Courtesy: Rayna Neises

“And for him, I think it was his problem-solving. My dad was sharp, He always was able to figure those things out pretty quickly. And I think he felt that change in himself,” Neises said.

Alzheimer’s is not just having issues with memory. For Robert, it was determined he had mild cognitive impairment.

Honoring his interests and the person he is, was integral to Neises’ care for her father as his mind faltered.

“Within two years (before) his passing, he was playing volleyball three times a week, we were going to the gym two times a week, within a month before he passed away. We were playing ping pong. So not everybody can do those things. But that was my dad’s wheelhouse,” Neises said.

Robert lived four years with the disease before he died. During the final years, his daughters cared for him, honoring his request to let him stay at home.

Neises commuted weekly from south of Belle Plaine up to Kansas City and stayed with him Wednesday through Sunday for two and a half years, sharing duties each week with her sister.

“As a caregiver, it’s so important to remember, I’m always his daughter. I’m never his mother, I’m always to honor him as my dad and honor her as my mom,” Neises said.

Neises and her family utilized the support group services of the Alzheimer’s Association. Robert was a volunteer even as he cared for his wife. The family participated in the Alzheimer’s Walk as a family for 23 years. In addition, Neises volunteers as a community educator.

Courtesy: Rayna Neises

In her role as a community educator and now an author of a book about caregiving, ‘No Regrets: Hope for your caregiving season,’ Neises emphasizes the importance of joining your loved one where they are at mentally.

“When we really understand what’s happening in the brain, those nerve cells are dying, those brain cells are dying, the brain is shrinking, the ability for them to access the information is gone. It’s not because they’re being difficult, it’s because they truly can’t understand,” Neises said.

For Neises, her mother spoke gibberish during her bout with the disease. So Neises said she would just smile, turn on music or sing a song.

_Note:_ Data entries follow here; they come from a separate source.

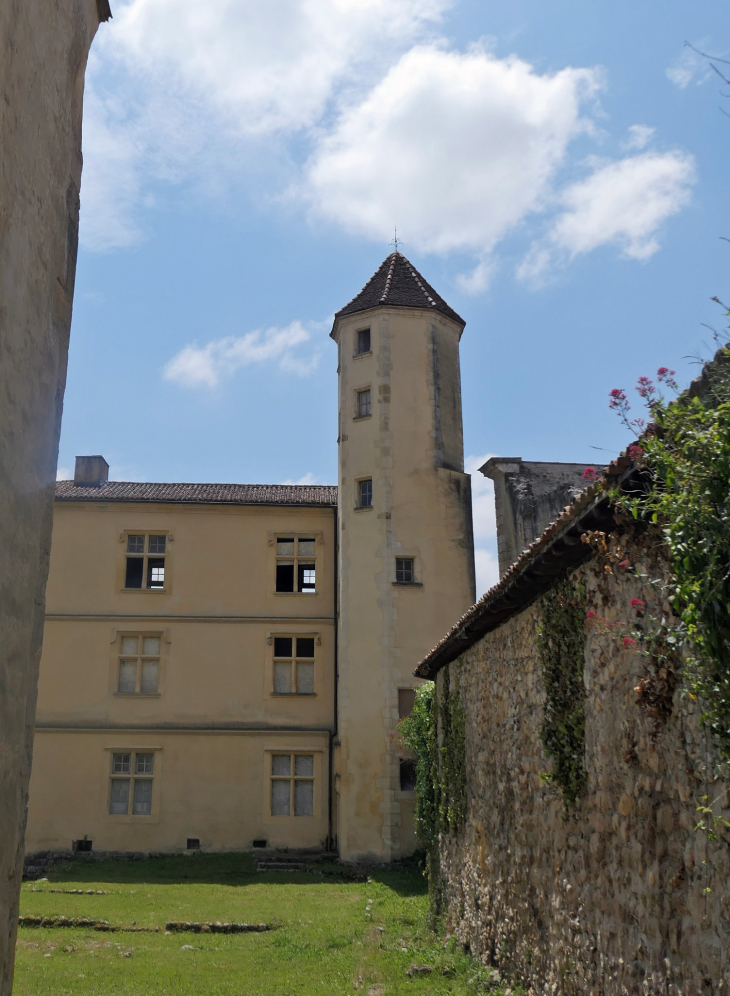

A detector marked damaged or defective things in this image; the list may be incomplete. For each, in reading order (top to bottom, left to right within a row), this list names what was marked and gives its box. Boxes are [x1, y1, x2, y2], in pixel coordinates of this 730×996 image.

broken window [356, 326, 372, 354]
broken window [356, 388, 372, 418]
broken window [356, 478, 372, 510]
broken window [125, 532, 166, 588]
broken window [274, 536, 314, 592]
broken window [396, 560, 412, 584]
broken window [117, 636, 160, 696]
broken window [272, 640, 314, 692]
broken window [398, 688, 416, 720]
broken window [107, 752, 153, 812]
broken window [268, 756, 312, 816]
broken window [398, 760, 416, 788]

“Finding ways to honor who they are as a person will make all of your journey better, because it will give you memories and opportunities to just stay in the moment and have fun. Always remembering who they are is the most important thing,” Neises said.

The Alzheimer’s Association Central & Western Kansas Chapter is located in Wichita and features a 24/7 helpline: 800-272-3900.

(Courtesy Alzheimer’s Association)
(Courtesy Alzheimer’s Association)

On Monday, the FDA made history by approving Aducanumab, the first drug approved for Alzheimer’s patients in 17 years.

The decision came with some controversy, as some independent advisers say the drug has not been shown to help slow the brain-destroying disease. The treatment is a monthly IV for those with the early stages of the disease that removes sticky deposits of a protein from the brains of Alzheimer’s patients.

The treatment is not a cure, and does not reverse progression of the disease, rather it aims to slow the progression of the disease.

KSN asked an expert from the Kansas State University Center on Aging about her reaction to the ruling. Dr. Erin Yelland says despite the drug being controversaial, this is an “astounding” breakthrough for patients because it fights the disease instead of the symptoms.

Her statement said, in part, For the roughly 30 million people globally who suffer from Alzheimer’s, and the millions more who care for them, this is a new glimmer of hope on the horizon.”